Una donna disconosciuta, rottamata dalla società non si rottama mai per se stessa. Se le si dà un minimo appiglio, riparte con una velocità pazzesca. In italia come in Afghanistan. Le donne giocano a qualsiasi costo la loro scommessa. Ricordo Laila, madre di cinque figli, in Afghanistan si prostituiva in un buco coperto da una grata. Io le dissi: vuoi partecipare la progetto Pangea? sai che rischio corri? quello di incappare nella polizia perché sei una donna e non puoi emaniciparti. Lei mi guardò e mi disse: io sono già morta, ho un’occasione per tornare a vivere. Oggi, dopo sette anni è responsabile di banca, ha comprato casa e ha piantato le rose. Tutto questo significa che ora è andata oltre al bisogno primario e ha il bisogno del bello. È una storia meravigliosa che voglio portare anche in italia.
Com’è la situazione della violenza domestica in Italia?
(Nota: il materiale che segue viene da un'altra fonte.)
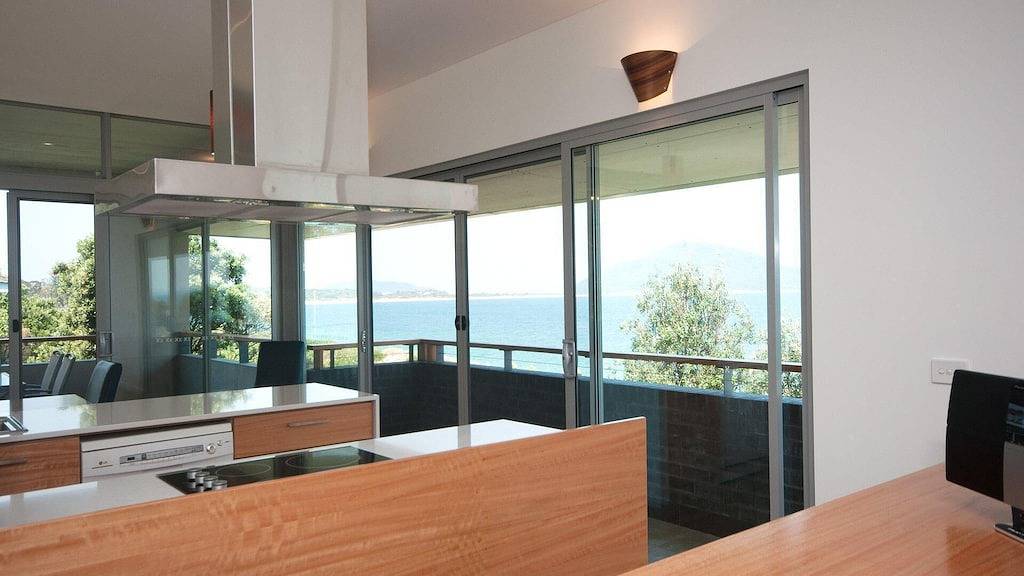 Holiday Home for 8 People in Hawks Nest, Hunter Valley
Sono 7 milioni le donne che subiscono violenza domestica in Italia e solo il 2% fa la denuncia. Il target medio è di appartenenza a un cedio medio alto, ottima cultura e non necessariamente meridionale come si potrebbe pensare. Ci sono molte mogli di avvocati, commercialisti, professionisti in genere. Il meccanismo è quello della violenza psicologica che è difficilissima da individuare. Una frase tipica è: se non ci fossi io in questa casa, i tuoi figli non mangerebbero. Una frase che demolirebbe l’autostima di chiunque. Ma il fatto di trovarsi sbilanciata rispetto a un’esperienza lavorativa o essere fuori dal mercato del lavoro per l’età o la mancanza di titoli professionali fa sì che la signora che subisce violenza decida di rimanere a casa. E’ una storia di tutti, una donna su tre nel corso della vita subisce violenza: basta una frase, una postura uno sguardo. Noi uomini dovremmo indagare di più in noi stessi. Mi dico: devo partire da me e dare il buon esempio e crescere mio figlio maschio nel rispetto. Ognuno di noi è portatore di un mondo di pace e può dare il buon esempio. Siamo noi a costruire quello che ci circonda, non possiamo delegare ad altri le nostre responsabilità. Per questo Pangea, attraverso il microcredito, vuole intervenire e dare una reale occasione a chi ne ha bisogno.